Iran now joins eight countries with indigenous space-launch capability -- an advance that, on the military side, translates into a step forward for its ballistic-missile technology. The threat isn't immediate, as the satellite was small and lightweight compared to a nuclear warhead, but neither is Europe's missile defense set to be deployed immediately. The reason to start early is precisely to be prepared, and not to have to scramble, if Iran develops its capability faster and the mullahs aren't as benign as some think.
That's why the Bush Administration pushed forward with a Europe-wide missile defense system to be based in Poland and the Czech Republic and built over the next six years. It's also why every NATO country has endorsed the U.S.-led effort. They have done so twice -- first among heads of state in Bucharest in April and again at a meeting of foreign ministers after the U.S. election. NATO also plans to pursue its own missile defenses in conjunction with the Polish and Czech sites.
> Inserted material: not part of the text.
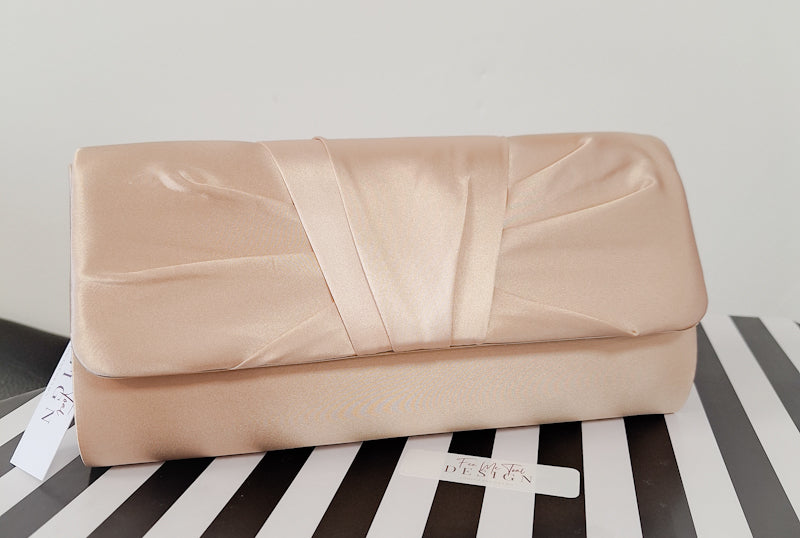 Satin Champagne Clutch Bag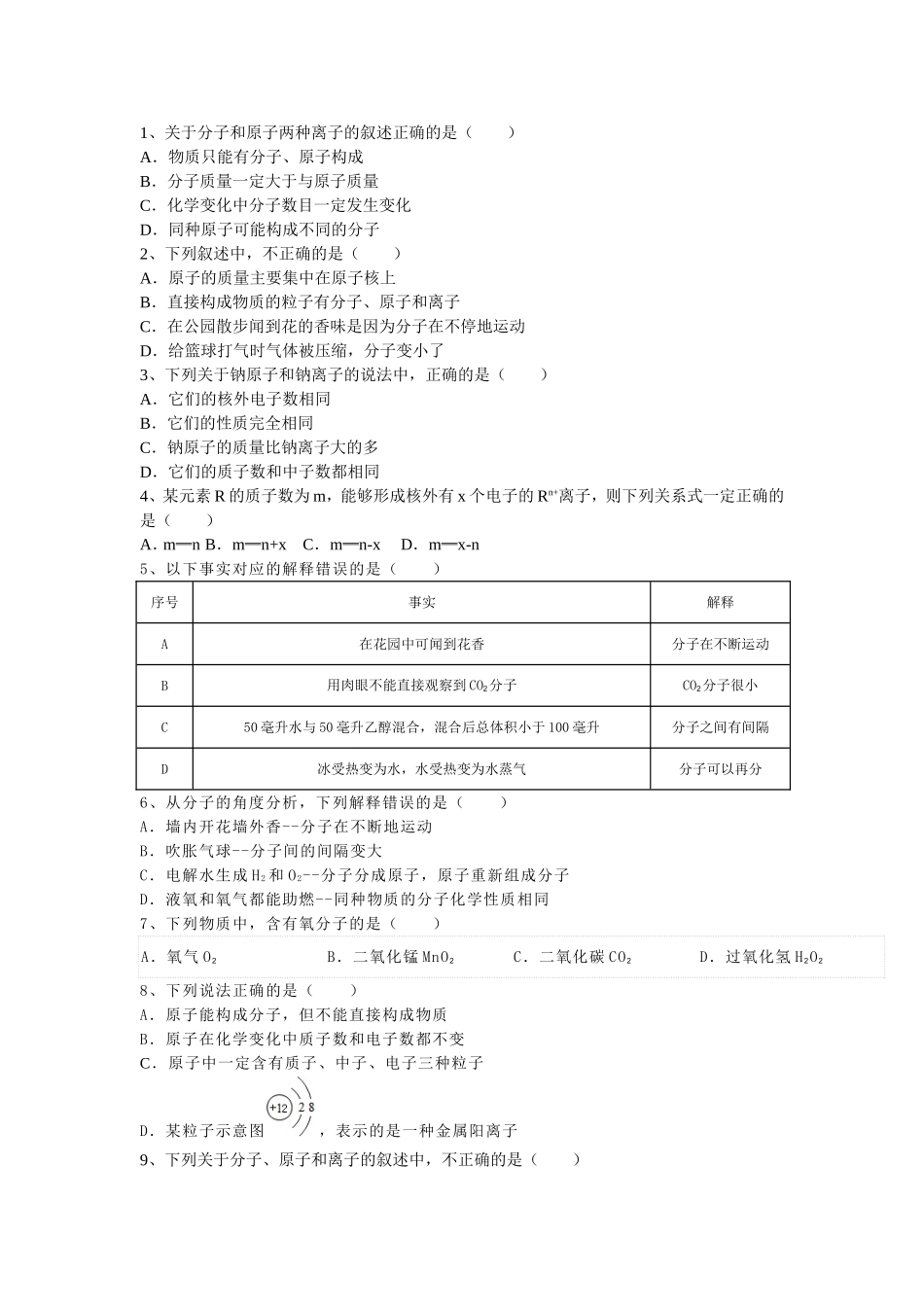 分子原子的训练_第1页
The question now is whether the Obama Administration will stand by its predecessor's promise or, as is widely anticipated, suspend the European program. On the campaign trail, Barack Obama suggested missile defense was either ineffective or too expensive, or both. His nominee for the third-ranking position at the Pentagon, Michele Flournoy, has indicated that the deployment plans for Europe will be reviewed. In a speech over the weekend at the annual Munich security conference, Vice President Joseph Biden was ambiguous: "We will continue to develop missile defenses to counter a growing Iranian capability, provided the technology is proven to work and cost effective."
Suspending the program would have serious consequences. It would send a signal of American weakness to Iran, which the Obama Administration says it wishes to engage. If the mullahs watch the U.S. back down on confronting its missile threat, who could blame them for assuming it will also back down over its nuclear aspirations?
A suspension would also send a message of American irresolution to Russia, which opposes deploying the antimissile system in countries it considers part of its sphere of influence. This kind of Cold War thinking was on display again last week with the news that Moscow had bribed Kyrygyzstan to close a key U.S. air base for supplying Afghanistan. Backing down on missile defense would only encourage more such Russian behavior.
The U.S.-led missile defense program for Europe is aimed at the Iranian threat, and in no way diminishes Russia's own nuclear deterrent. Moscow knows this, yet it nonetheless threatens to deploy missiles in the Kalingrad enclave between NATO members Poland and Lithuania if the U.S. goes through with the defense system. Moscow has spurned U.S. invitations to participate in the program.
Hillary Clinton's State Department may hope to get more Russian cooperation against Iran in return for disavowing its commitment to Europe. But that's not worth the message it sends about the U.S. willingness to cave in the face of Russian intimidation. Russia may be prepared to cooperate on a modest scale on Iran -- but only if the U.S. forgoes the defense of Europe. That's no bargain.
The biggest fallout of a suspension would be among America's allies in Europe. Poland and the Czech Republic agreed at some political risk to host missile interceptors and a radar. If the U.S. reneges now, these newly free countries will have reason to doubt that they can trust any U.S. security commitments. Other NATO nations are also watching to see if the U.S. will remain a reliable partner against Russia.
Now that he has the responsibility of governing, Mr. Obama may reach a better understanding of the recent technological progress on a defensive shield. Defense Secretary Robert Gates has been a firm supporter of a missile defense for Europe. National Security Adviser Jim Jones, a former NATO commander, knows how important the antimissile system is to the alliance.
The new Administration will also have to make a decision about whether to proceed with the planned expansion of the missile defense site at Fort Greely, Alaska, where 10 interceptors are stationed. Last week's news that North Korea may be planning another test of its long-range Taepodong-2 missile ought to make that an easy call.
Friend and foe alike are trying to take the measure of Mr. Obama, and to test him. Mr. Obama made the nurturing of U.S. alliances a major campaign theme, and, along with trade, the missile defense pact with Europe is the first test of whether he meant it.
(Sorry to my readers, I had this bookmarked and kept meaning to get it up here.)